Global income is taxed according to a progressive scale in South Korea and
the level of taxation is considered moderate to high. Income is normally classified
as global income, retirement income or capital gains, all taxed at different
rates.
Global income includes revenue from interest, dividends, property rental,
business or professional income, employment income, and more. Taxable income
is computed as gross income after allowable deductions and exemptions have been
taken into account. Personal income is taxed as per the following list:
Up to US$10,435 - 6%
Up to US$40,000 - 15%
Up to US$76,522 - 24%
Over US$76,522 - 35%
Korea has a self-assessment tax system under
which each taxpayer is required to file a tax return
and pay the proper amount of tax by the due date. Tax returns including personal
exemptions and deductions must include supporting documents. Individuals are
required to pay a 10% surcharge on their income tax, which is called the inhabitant
tax. This tax is calculated according to the individual’s income tax liability.

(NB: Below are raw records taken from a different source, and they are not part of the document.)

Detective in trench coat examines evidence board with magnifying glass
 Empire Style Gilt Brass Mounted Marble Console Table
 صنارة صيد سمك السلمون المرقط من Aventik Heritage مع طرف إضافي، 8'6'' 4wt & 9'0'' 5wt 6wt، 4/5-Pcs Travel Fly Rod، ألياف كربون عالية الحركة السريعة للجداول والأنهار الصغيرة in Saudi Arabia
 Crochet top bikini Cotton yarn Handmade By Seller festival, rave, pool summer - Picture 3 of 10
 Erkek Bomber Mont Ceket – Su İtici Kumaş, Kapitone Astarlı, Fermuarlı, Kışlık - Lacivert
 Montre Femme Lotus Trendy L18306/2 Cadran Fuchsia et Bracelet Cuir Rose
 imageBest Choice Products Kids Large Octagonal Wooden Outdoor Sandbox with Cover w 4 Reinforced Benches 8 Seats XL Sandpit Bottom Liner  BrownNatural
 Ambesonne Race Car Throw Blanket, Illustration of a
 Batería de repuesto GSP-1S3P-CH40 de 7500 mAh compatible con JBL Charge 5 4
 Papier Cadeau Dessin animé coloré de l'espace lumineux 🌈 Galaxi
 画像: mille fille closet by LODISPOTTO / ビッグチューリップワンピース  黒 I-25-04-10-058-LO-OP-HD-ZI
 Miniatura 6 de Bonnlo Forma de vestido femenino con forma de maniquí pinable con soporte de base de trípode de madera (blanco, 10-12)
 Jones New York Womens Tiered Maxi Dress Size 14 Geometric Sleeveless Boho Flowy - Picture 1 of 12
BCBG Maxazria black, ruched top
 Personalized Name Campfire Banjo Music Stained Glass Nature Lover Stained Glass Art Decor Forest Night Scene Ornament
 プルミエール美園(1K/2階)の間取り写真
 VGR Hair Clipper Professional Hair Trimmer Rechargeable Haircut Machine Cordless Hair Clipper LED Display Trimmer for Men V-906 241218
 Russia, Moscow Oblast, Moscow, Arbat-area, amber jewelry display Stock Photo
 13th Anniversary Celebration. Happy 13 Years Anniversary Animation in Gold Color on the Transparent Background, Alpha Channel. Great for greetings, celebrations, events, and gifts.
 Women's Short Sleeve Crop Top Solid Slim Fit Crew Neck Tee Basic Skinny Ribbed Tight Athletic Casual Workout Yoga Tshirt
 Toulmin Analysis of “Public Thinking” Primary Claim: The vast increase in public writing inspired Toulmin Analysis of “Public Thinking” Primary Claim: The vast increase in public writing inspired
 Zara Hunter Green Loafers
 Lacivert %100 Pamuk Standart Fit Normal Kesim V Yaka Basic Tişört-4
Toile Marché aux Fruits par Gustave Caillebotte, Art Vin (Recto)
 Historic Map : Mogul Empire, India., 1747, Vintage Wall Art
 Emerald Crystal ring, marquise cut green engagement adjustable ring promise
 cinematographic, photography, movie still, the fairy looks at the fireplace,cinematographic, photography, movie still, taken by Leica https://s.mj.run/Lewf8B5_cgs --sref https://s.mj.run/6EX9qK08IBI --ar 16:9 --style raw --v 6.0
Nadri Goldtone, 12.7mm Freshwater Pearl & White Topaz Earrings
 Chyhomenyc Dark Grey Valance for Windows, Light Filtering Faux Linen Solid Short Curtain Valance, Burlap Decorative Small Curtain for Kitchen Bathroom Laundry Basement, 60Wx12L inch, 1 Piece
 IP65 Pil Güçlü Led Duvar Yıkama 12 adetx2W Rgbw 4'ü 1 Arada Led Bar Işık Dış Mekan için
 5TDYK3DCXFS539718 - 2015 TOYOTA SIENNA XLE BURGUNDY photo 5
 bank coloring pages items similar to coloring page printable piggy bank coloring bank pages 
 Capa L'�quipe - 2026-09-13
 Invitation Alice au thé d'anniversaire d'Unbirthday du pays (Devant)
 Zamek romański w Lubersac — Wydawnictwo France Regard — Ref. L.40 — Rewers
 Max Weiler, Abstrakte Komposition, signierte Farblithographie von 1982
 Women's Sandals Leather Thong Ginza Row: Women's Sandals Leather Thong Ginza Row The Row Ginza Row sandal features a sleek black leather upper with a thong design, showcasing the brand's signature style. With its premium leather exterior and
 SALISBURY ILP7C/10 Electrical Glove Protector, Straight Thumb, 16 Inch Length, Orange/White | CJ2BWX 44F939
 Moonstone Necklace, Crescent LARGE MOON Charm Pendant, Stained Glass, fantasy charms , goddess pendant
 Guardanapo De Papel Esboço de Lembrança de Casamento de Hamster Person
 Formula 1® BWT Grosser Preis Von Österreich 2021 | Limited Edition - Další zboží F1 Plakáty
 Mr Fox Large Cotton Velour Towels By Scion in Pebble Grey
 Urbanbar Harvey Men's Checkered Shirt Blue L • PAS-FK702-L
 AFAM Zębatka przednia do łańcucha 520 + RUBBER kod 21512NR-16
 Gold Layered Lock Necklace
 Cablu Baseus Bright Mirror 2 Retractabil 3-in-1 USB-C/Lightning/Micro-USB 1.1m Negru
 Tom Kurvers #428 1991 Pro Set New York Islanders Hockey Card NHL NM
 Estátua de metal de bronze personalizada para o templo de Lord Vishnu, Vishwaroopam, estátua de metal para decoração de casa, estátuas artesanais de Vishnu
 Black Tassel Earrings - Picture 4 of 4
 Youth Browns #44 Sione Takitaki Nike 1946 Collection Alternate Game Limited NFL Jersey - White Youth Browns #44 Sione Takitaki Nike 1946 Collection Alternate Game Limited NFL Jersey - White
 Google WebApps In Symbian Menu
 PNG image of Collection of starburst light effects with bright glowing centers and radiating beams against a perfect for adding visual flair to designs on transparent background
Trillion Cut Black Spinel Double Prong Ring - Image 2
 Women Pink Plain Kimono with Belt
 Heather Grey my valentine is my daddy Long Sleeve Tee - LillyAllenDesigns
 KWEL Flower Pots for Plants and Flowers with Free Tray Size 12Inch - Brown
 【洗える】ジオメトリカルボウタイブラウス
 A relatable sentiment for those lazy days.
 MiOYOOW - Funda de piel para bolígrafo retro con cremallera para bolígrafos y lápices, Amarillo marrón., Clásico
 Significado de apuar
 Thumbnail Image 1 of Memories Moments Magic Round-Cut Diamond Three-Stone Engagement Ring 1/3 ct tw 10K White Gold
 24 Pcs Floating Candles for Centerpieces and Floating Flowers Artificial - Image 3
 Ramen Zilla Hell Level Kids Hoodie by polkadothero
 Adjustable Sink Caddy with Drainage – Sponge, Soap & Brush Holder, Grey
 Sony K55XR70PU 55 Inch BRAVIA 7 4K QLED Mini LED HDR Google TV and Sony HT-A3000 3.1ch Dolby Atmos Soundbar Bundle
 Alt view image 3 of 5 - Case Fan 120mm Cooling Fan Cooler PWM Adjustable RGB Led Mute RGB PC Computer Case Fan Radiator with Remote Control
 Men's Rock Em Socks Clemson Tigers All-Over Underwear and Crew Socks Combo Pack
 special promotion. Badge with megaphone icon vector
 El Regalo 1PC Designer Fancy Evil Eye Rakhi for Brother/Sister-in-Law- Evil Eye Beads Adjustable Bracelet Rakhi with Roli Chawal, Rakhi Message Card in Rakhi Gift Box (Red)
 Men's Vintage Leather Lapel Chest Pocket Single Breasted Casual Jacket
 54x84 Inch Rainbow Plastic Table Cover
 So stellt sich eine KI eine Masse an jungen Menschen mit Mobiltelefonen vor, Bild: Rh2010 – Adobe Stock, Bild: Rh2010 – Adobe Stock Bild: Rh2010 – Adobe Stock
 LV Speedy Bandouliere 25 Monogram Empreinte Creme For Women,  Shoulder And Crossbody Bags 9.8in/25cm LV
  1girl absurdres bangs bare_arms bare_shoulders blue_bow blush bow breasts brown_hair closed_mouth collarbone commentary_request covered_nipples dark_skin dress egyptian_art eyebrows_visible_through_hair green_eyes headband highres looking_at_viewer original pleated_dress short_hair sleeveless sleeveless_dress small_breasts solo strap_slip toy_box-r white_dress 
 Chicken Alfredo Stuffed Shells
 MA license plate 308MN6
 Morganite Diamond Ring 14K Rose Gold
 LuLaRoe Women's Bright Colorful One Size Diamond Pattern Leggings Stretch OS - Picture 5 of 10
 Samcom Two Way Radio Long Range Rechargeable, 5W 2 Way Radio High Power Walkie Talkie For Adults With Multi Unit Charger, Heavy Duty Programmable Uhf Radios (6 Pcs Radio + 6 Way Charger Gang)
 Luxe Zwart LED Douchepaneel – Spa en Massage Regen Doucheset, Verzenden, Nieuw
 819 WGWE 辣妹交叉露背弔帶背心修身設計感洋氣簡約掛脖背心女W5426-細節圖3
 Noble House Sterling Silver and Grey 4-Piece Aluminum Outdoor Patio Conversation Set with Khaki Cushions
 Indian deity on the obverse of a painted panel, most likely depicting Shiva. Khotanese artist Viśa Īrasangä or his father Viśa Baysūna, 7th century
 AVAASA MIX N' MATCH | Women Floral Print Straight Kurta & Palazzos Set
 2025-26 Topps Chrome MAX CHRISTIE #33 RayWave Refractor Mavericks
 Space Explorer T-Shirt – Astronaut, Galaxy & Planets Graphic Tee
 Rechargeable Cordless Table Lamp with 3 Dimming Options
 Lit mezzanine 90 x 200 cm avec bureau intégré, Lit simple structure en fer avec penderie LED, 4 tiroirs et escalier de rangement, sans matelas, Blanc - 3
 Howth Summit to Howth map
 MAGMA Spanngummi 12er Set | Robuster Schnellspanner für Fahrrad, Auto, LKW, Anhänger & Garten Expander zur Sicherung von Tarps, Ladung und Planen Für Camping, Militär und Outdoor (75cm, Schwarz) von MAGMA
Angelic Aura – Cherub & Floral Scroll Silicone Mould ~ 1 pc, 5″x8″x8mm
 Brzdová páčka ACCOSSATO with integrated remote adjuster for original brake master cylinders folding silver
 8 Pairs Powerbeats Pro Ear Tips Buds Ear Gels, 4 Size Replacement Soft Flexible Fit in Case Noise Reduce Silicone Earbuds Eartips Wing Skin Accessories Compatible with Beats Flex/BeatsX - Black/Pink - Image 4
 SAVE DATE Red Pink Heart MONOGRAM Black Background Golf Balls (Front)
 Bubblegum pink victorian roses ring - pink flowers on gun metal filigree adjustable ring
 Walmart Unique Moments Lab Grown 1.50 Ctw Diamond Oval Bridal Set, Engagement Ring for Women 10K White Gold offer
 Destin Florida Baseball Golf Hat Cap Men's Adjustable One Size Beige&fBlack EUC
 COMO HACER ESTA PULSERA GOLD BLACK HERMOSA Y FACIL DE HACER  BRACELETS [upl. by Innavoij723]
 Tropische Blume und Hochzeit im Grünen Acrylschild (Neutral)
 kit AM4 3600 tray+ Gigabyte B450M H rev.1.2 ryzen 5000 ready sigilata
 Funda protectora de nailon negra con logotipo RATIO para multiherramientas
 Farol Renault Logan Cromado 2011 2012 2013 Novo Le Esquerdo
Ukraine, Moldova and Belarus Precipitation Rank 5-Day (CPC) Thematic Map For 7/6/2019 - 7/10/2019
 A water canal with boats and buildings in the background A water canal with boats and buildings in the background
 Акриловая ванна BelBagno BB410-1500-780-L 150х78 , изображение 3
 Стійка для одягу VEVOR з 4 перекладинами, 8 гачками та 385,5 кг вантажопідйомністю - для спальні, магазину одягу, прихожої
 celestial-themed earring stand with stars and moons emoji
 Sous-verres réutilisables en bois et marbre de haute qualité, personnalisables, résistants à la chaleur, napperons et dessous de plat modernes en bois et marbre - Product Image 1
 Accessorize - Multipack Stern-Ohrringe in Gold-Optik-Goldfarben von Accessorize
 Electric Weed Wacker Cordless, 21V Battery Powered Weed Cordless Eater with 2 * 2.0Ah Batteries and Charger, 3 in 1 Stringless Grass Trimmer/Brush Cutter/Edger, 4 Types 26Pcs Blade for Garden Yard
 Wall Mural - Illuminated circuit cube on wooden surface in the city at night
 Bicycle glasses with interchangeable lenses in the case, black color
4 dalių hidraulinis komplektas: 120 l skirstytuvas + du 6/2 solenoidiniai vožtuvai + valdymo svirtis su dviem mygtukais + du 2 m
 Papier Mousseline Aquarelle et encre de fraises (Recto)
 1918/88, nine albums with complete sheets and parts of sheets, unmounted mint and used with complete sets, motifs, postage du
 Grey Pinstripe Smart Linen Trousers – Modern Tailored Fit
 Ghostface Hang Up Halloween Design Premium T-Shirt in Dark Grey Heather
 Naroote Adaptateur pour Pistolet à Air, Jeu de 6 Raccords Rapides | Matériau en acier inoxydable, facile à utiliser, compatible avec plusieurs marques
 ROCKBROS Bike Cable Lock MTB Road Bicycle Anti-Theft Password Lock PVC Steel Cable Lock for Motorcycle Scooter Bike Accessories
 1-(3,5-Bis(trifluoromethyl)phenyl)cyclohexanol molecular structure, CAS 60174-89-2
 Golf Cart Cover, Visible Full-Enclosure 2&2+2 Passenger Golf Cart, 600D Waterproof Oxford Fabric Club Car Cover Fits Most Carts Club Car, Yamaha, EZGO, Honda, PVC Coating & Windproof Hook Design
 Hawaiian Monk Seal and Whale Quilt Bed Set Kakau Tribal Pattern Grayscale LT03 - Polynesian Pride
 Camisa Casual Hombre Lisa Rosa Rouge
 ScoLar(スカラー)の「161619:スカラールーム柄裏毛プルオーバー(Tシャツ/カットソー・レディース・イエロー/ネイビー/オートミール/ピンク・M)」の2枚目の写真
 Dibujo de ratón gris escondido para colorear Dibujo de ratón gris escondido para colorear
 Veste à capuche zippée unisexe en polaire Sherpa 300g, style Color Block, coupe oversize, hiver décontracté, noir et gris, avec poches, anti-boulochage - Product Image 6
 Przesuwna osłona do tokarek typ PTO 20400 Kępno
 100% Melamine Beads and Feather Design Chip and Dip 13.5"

Individuals, including personal companies earning capital gains when selling properties, are subject to capital gains tax at progressive rates. Annual property taxes are imposed at between 0.07% and 4%, depending on location, type of building and so on. Property owners whose properties exceed a certain threshold amount are liable to pay the comprehensive real estate holding tax. This tax comes to between 0.5% and 2% for residential houses that exceed KRW600 million (US$521,739). Comprehensive real estate holding tax is levied between 0.75% and 2% for land whose value exceeds KRW500 million (US$434,783).
Sales tax (VAT) is 10% in South Korea.